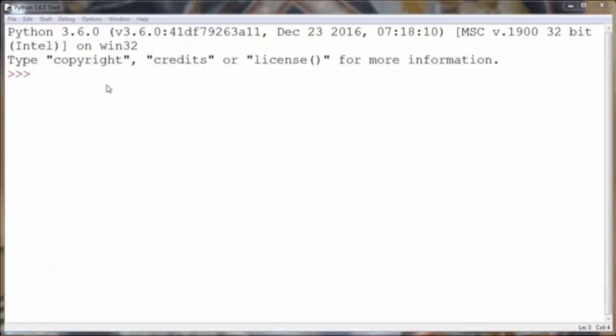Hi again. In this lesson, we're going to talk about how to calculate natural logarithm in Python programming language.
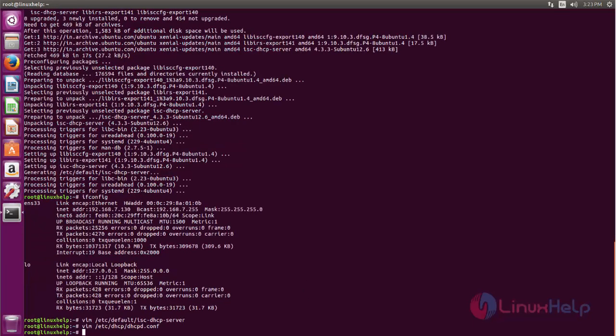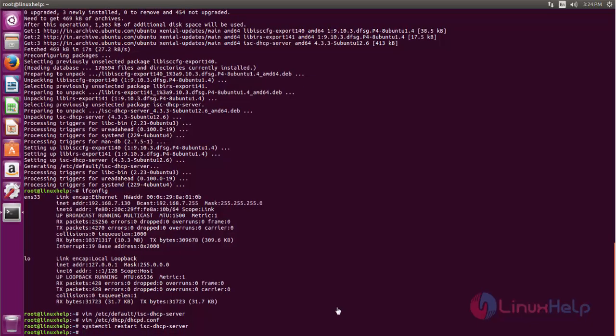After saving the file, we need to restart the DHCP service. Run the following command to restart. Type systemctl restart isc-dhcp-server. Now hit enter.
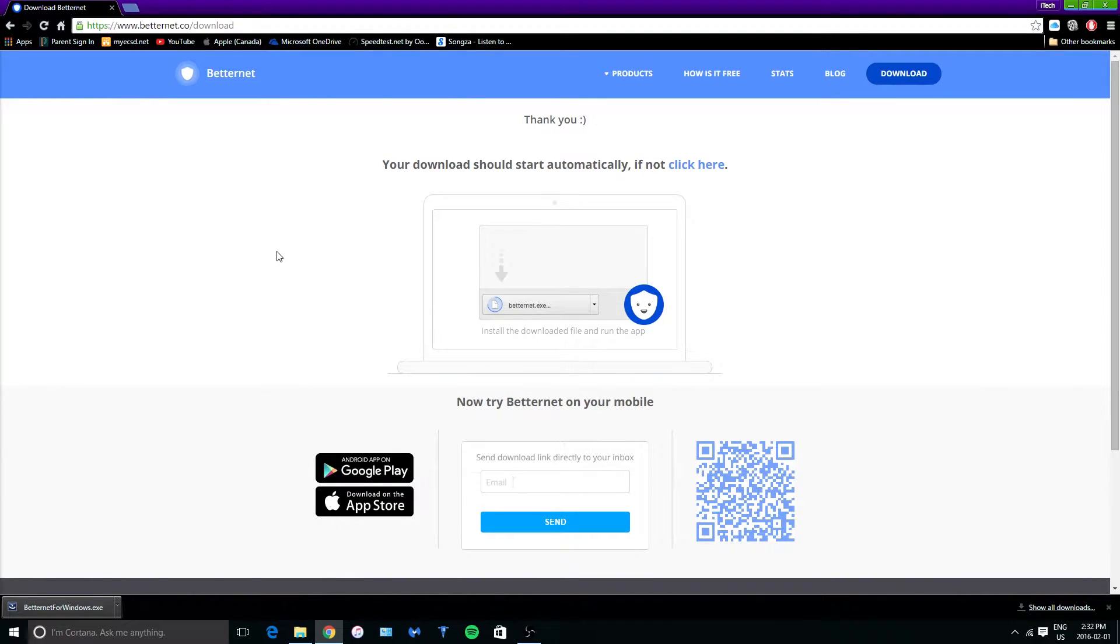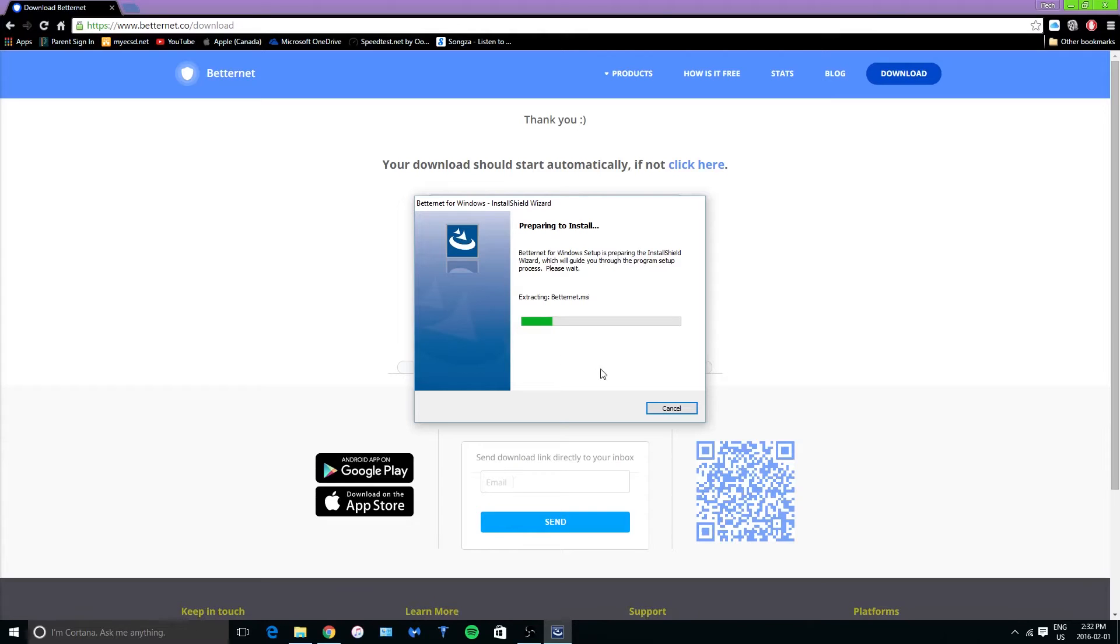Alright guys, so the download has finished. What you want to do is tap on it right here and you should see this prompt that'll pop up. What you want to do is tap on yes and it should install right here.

--

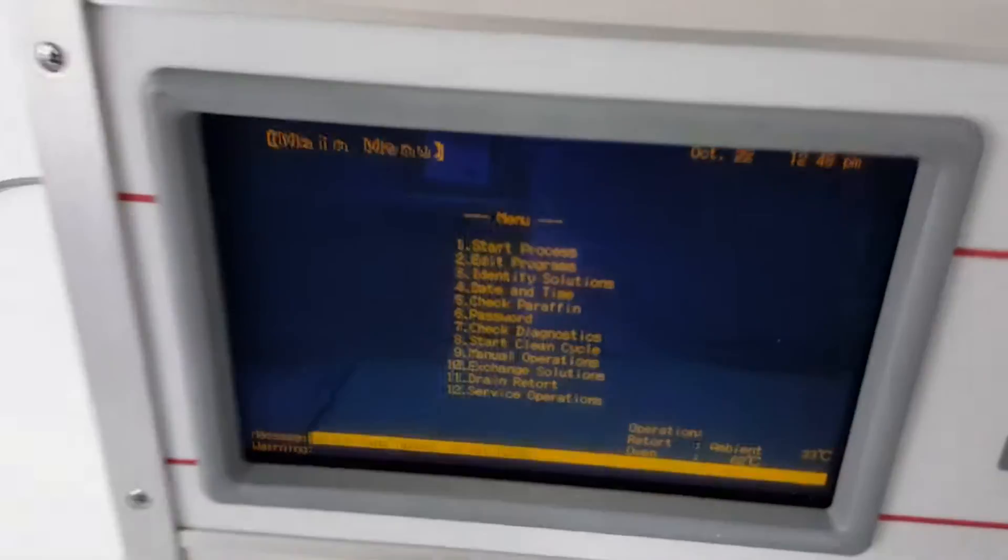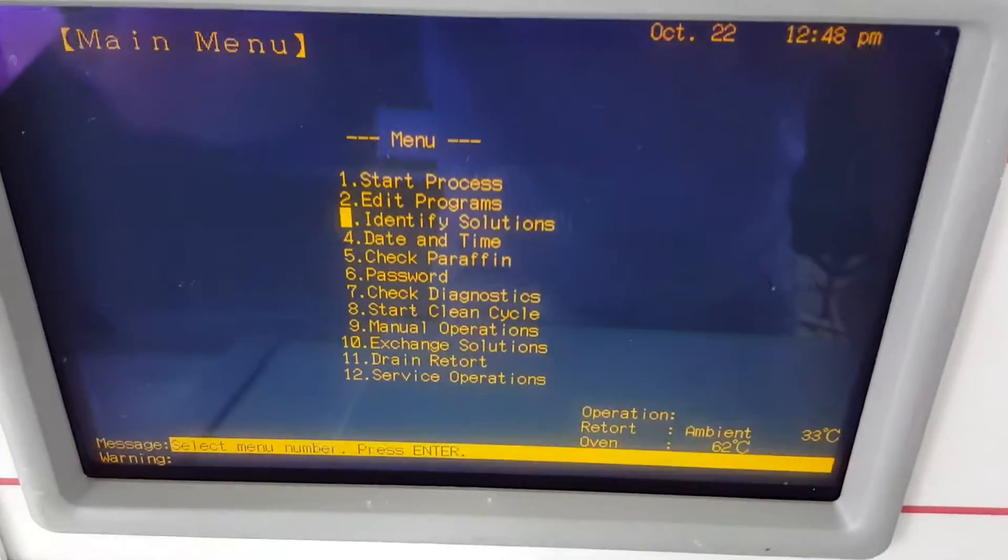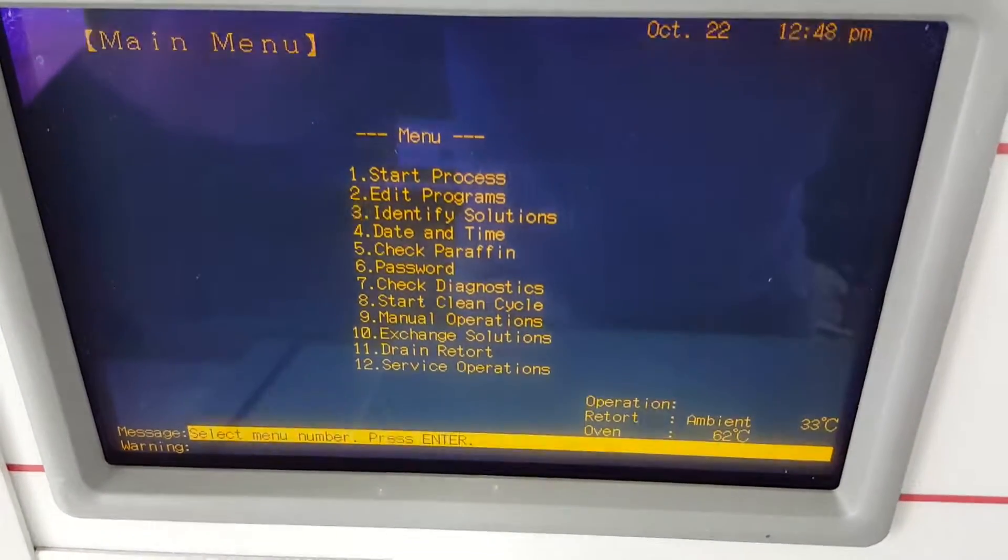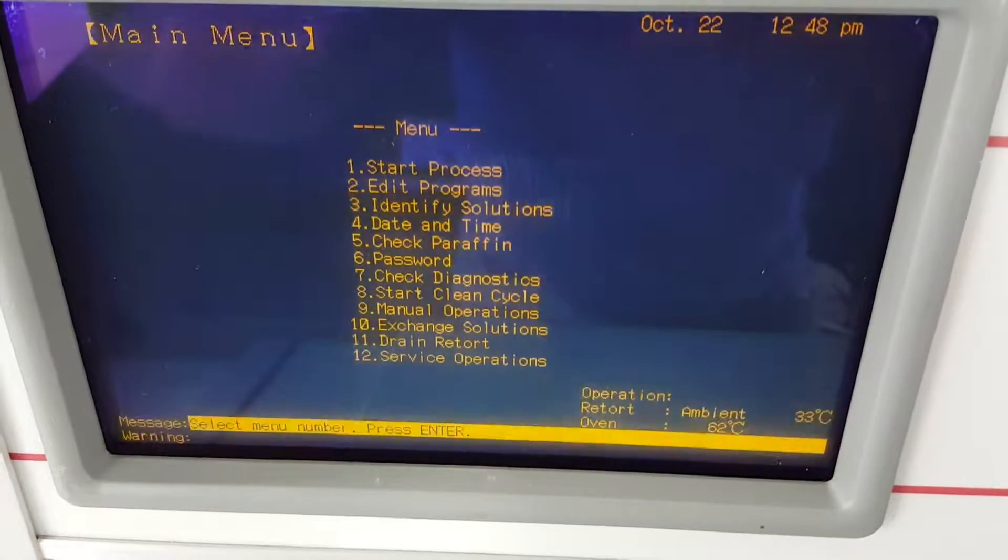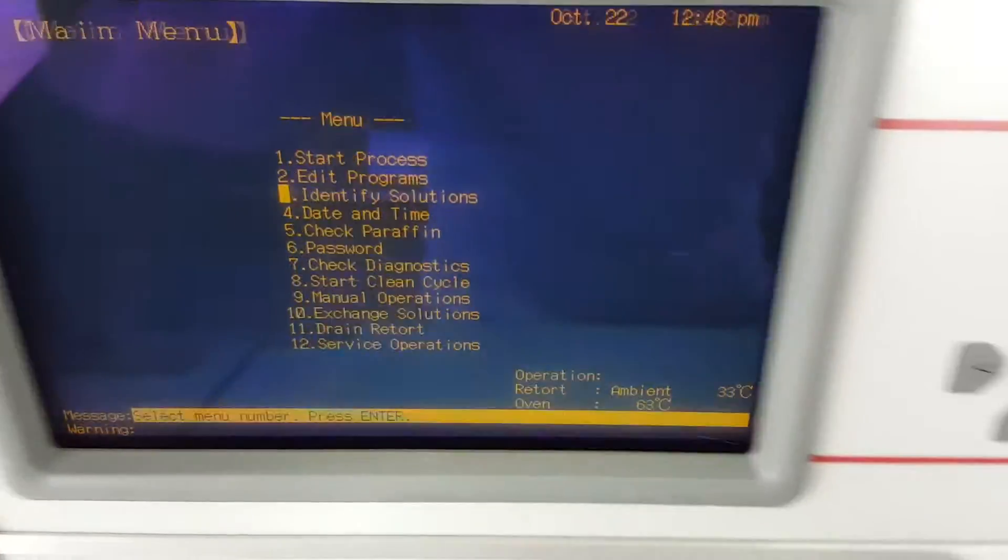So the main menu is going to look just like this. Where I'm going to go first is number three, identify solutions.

---

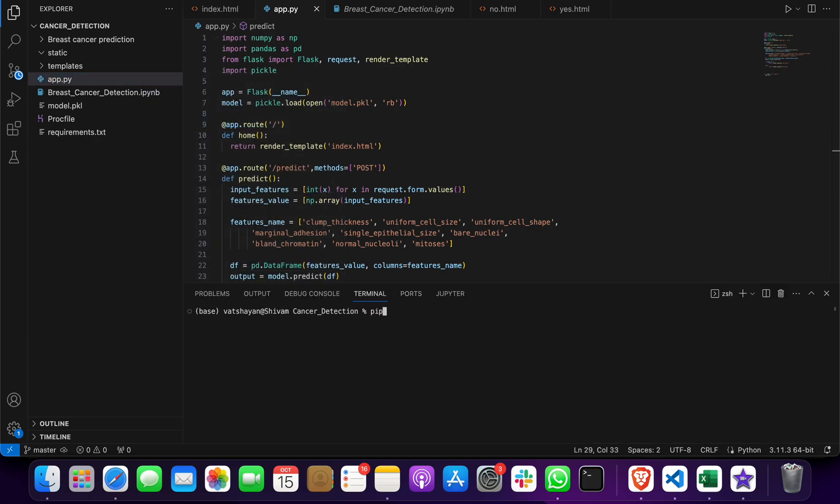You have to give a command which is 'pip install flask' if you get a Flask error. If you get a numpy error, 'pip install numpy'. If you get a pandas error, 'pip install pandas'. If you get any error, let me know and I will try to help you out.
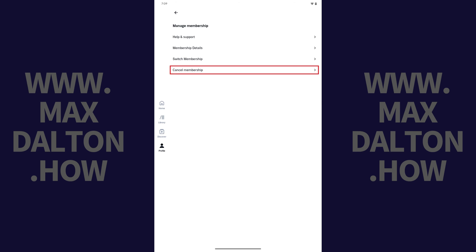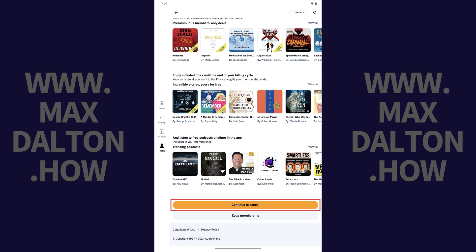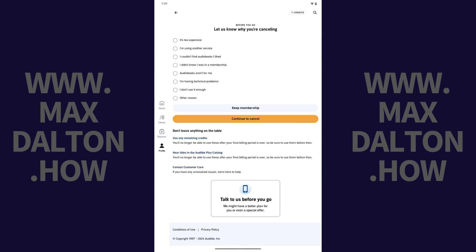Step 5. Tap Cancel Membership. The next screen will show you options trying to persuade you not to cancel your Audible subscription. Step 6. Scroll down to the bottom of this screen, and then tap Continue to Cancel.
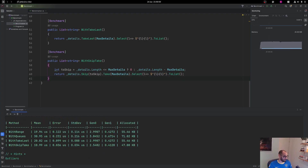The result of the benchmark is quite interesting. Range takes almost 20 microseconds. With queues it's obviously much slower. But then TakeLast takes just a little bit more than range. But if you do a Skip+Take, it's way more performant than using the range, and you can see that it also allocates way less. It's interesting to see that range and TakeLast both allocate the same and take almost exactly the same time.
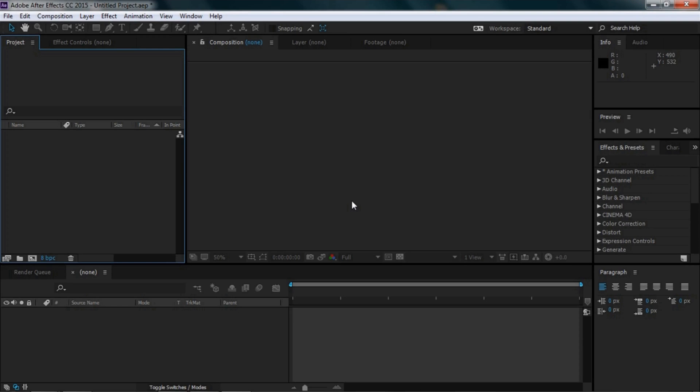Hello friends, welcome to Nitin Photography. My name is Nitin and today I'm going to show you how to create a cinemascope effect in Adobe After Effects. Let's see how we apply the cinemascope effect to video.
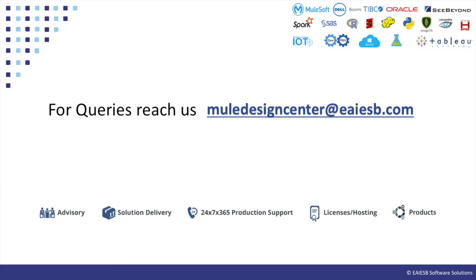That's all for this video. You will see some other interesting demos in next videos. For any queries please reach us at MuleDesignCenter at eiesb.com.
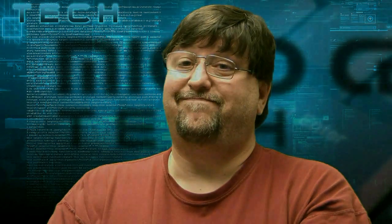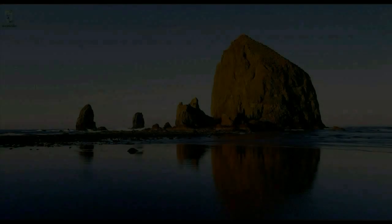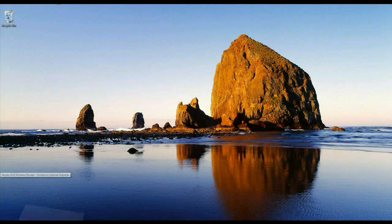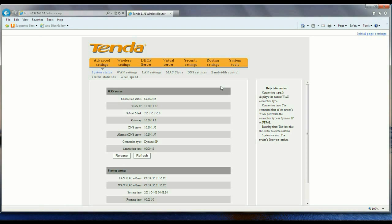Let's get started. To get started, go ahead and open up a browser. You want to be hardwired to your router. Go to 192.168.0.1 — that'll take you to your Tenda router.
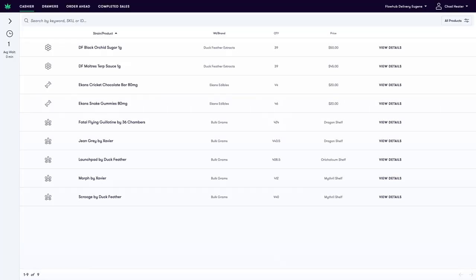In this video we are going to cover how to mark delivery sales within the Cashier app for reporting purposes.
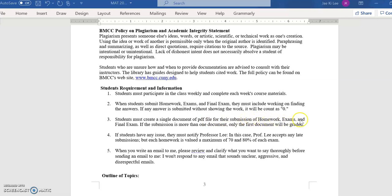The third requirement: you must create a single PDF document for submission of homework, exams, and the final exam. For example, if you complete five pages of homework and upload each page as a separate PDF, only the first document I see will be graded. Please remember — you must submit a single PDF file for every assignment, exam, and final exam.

# AIM OF THE TASK
Within the listing above, the stretch from the line with "Hello friends, welcome" down to the line with "In this video" is to be given again exactly, end lines included and pictures excluded.

# YOUR SOLUTION
Hello friends, welcome to Nitin Photography. My name is Nitin and today I'm going to show you how to create a cinemascope effect in Adobe After Effects. Let's see how we apply the cinemascope effect to video.
That's all for this video. You will see some other interesting demos in next videos. For any queries please reach us at MuleDesignCenter at eiesb.com.
Let's get started. To get started, go ahead and open up a browser. You want to be hardwired to your router. Go to 192.168.0.1 — that'll take you to your Tenda router.
In this video we are going to cover how to mark delivery sales within the Cashier app for reporting purposes.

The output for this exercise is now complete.